We also learn in this commercial that the relationship marketplace for straight men in their 70s and 80s is pretty grim. In a turnaround of Jan and Dean’s “Surf City” (to which these characters would have probably danced decades ago), it’s three boys for every girl. Of course, that’s false, too. Death and illness give men the numbers advantage when it comes to late-in-life love. The older the age group, the more eligible women there are per eligible man. Neither Target nor Wal-Mart would ever commit such a demographic sin in one of their commercials. When they depict a demographic group in an ad, everything is right in every detail.

Target and Wal-Mart would also never make mean fun of its customers, although they both will “make fun with” their customers, as McDonald’s has also done through the years. “Making fun with” includes such scenes as the wife letting the husband think he’s making the buying decision; the couple arguing about what to do with the savings they have from buying something; the kids trying to use smart phone technology to trick dad into buying more treats. These are gentle teases which affirm the attractiveness of the target audiences. But depicting an octogenarian as an infantilized Pagliacci is inherently insulting to the characters and by implication to the demographic they represent, which is why the scene seems more uncomfortable than cute, despite the peppy McDonald’s “ba-da-da-da-da” playing brightly in the background.

The irony is that whoever worked on this spot started with the right ideas. McDonald’s strategy to go after senior citizens is a good one, since the original denizens of Big Macs are baby boomers now retiring and aging.

To connect the consumption of a product with an emotion is a staple strategy of advertising, one that McDonald’s has pursued with a vengeance for decades, especially in spots featuring African-Americans and young adults. And as we have seen in many McDonald’s spots through the years, what better emotion can there be than romantic attraction? Moreover, one unifying theme shared by all McDonald’s spots for specialty coffee drinks over the past few years is an attitude best described as hip cuteness, and what could be cuter and hipper at the same time than seniors in love?

On paper, the spot has it all: It connects a product to an emotion, focuses on a target market that is of growing importance, and has thematic and design similarities with other McDonald’s spots that will help enhance the overall brand message that the company tries to make in all of its advertising.

Somewhere along the way, though, these strategies led to the uncomfortable and unrealistic mess we see in the commercial. Because it presents a reality that doesn’t exist and one in which the representative of the target market is humiliated, I’m certain that the commercial will fail with that target market.
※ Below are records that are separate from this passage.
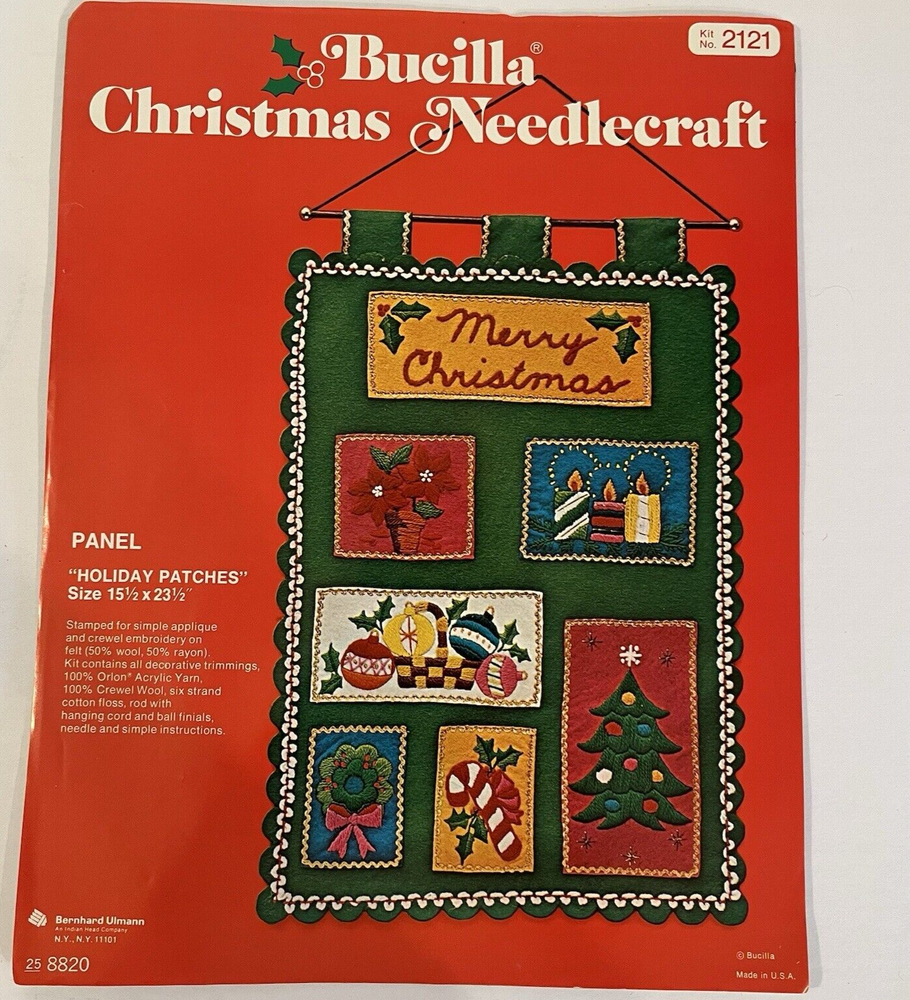 Vtg Bucilla Jeweled Christmas Banner Kit #2121 Holiday Patches COMPLETE Read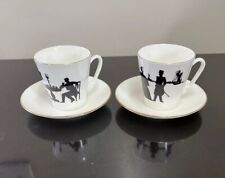 LFZ Lomonosov Bone China White/Black Silhouette Cup/Saucer Espresso Lot Of 2 picture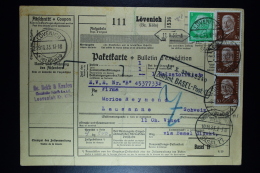 Deutsche Reich Paketkarte  Lövenich -> Lausanne Schweiz  1933  Mixed Stamps - Cartas & Documentos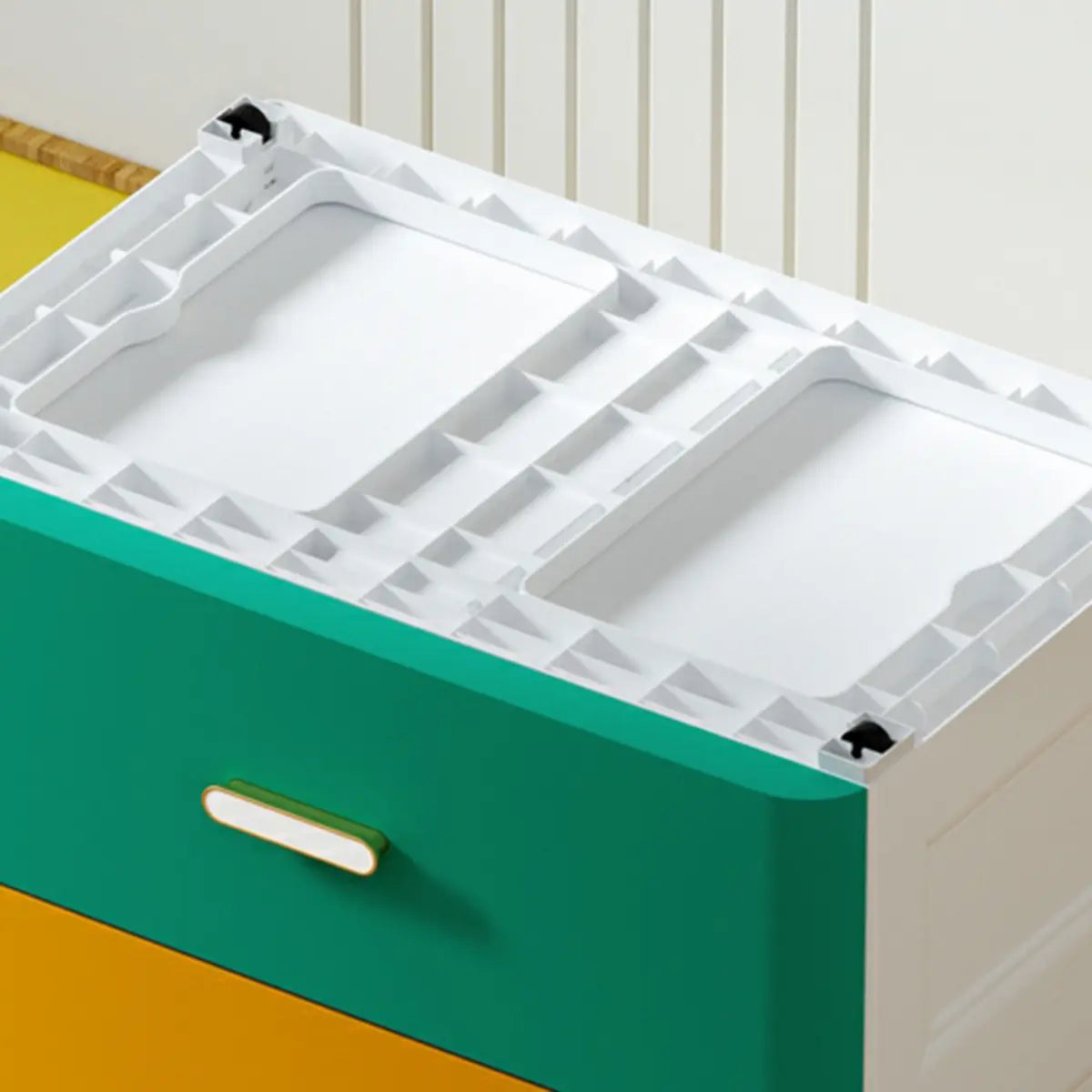 Vertical White Plastic Dresser with Storage Drawers Image - 20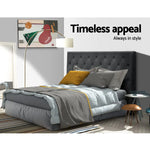 Artiss Bed Head Double Size Fabric - CAPPI Charcoal - Furniture > Bedroom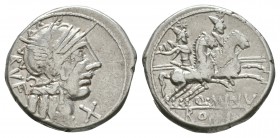 Ancient Roman Republican Coins - Q Minucius Rufus - Dioscuri Denarius
122 BC. Rome mint. Obv: RVF behind helmetted head of Roma right, X beneath chin...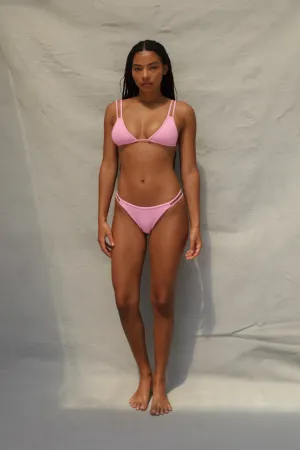 Double Strap Bikini Top - Pink Sorbet Minimalist Silhouette Breathable Mesh Panels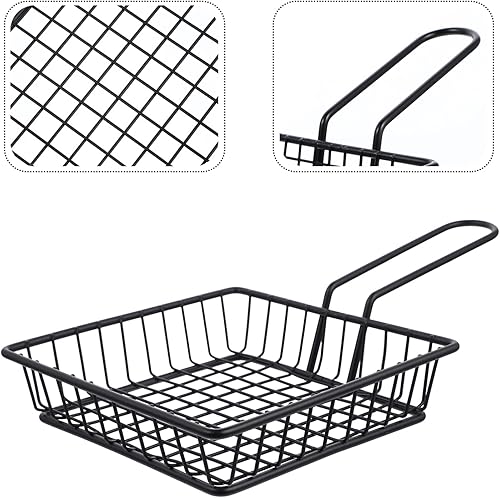 Miniatura 5 de ZzzaNa Mini cestas cuadradas para freír cesta de papas fritas pequeñas, cestas de papas fritas, soporte de malla, colador de alimentos, herramienta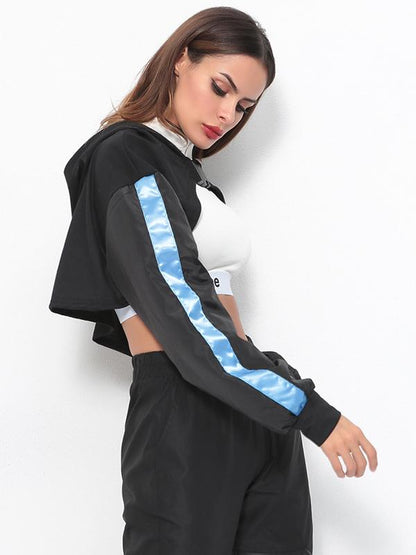 Schoolbag Button Color-block Hoodies&Jackets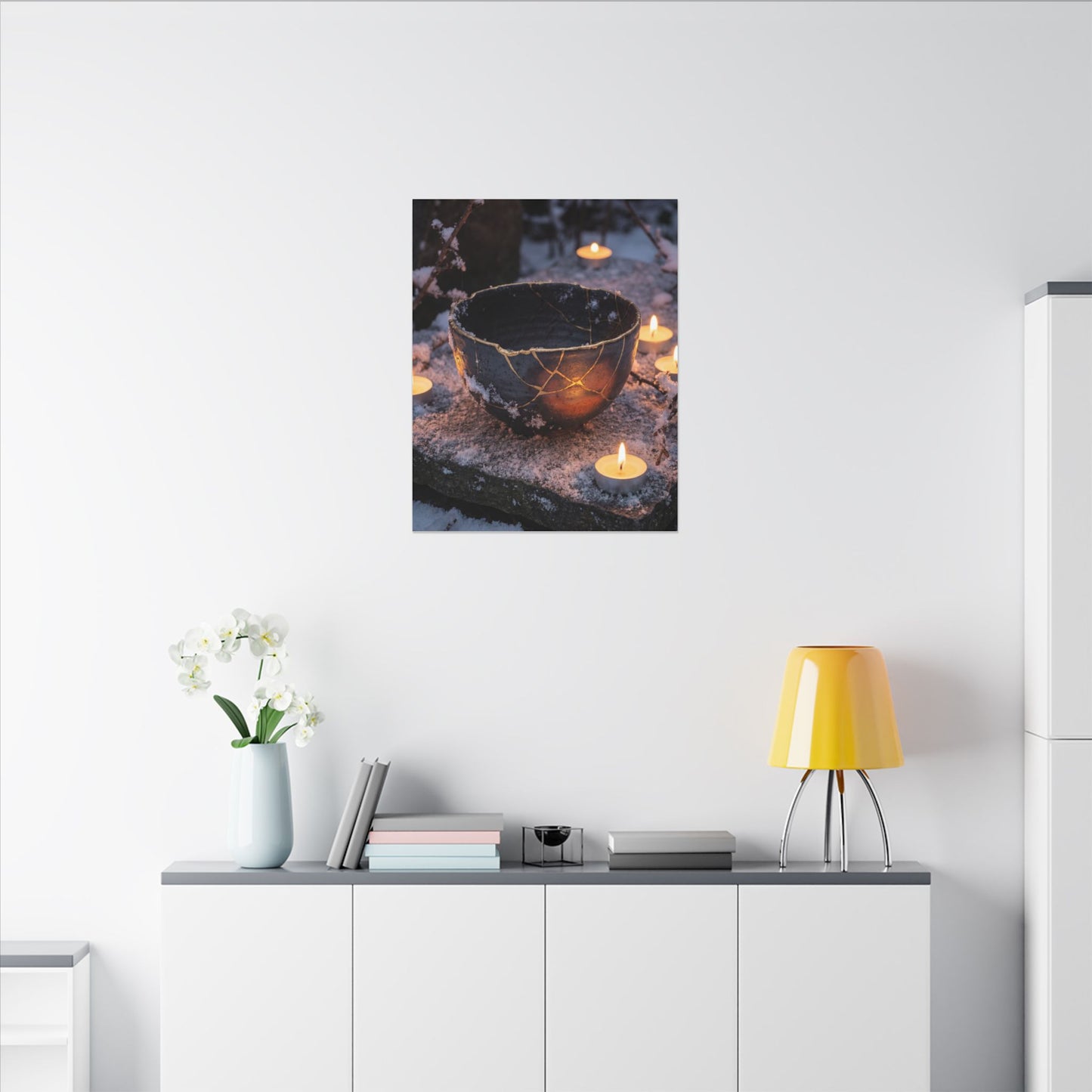 Ceramic Bowl Gold Repair Canvas Art | Beautiful Kintsugi Art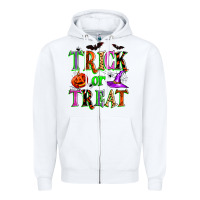 White trick or treat Zipper Hoodie - Zillion Design Studio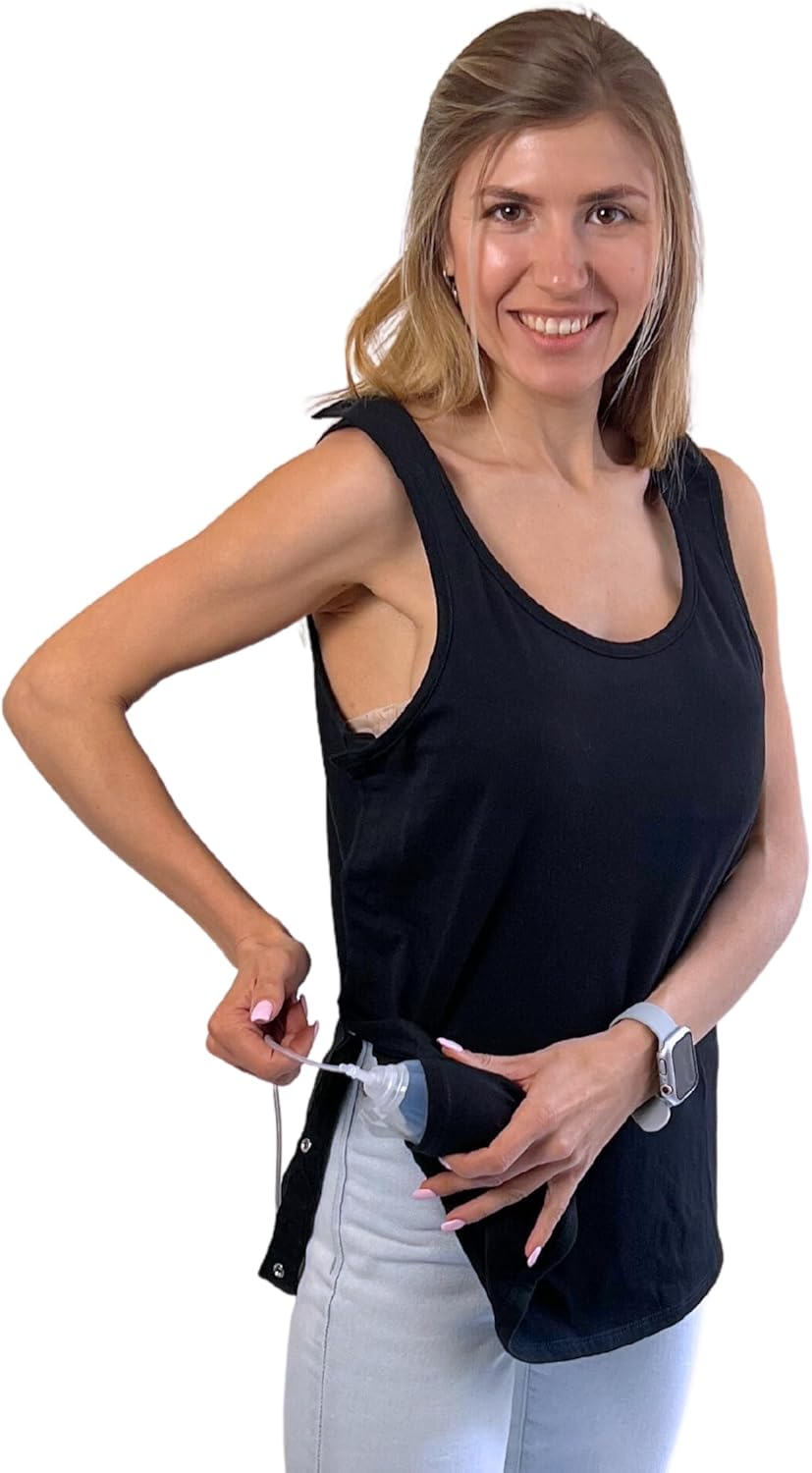 Inspired Comforts Mastectomy Recovery Tank Top with Drain Pocket & Snap-Access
But I’m betting it plays well with the enormous youth market for coffee drinks, i.e., the young and slightly unsophisticated who will accept the McCafé drink as a cheaper substitute for a beverage from a real coffee house or that corporate imitation known as Starbucks. The humor is a highly sanitized version of the crude and somewhat humiliating humor of a lot of youth movies. Young men and women can relate to the awkward dilemma of a boy wanting to pick up a girl in a fast food restaurant but being afraid to ask.

And there can be no doubt about it. That’s not Viagra or water from the mythic fountain of youth that the bearded elderly gentleman has in his hand that makes him so attractive to the senior babe. It’s a McCafé! The elixir of love.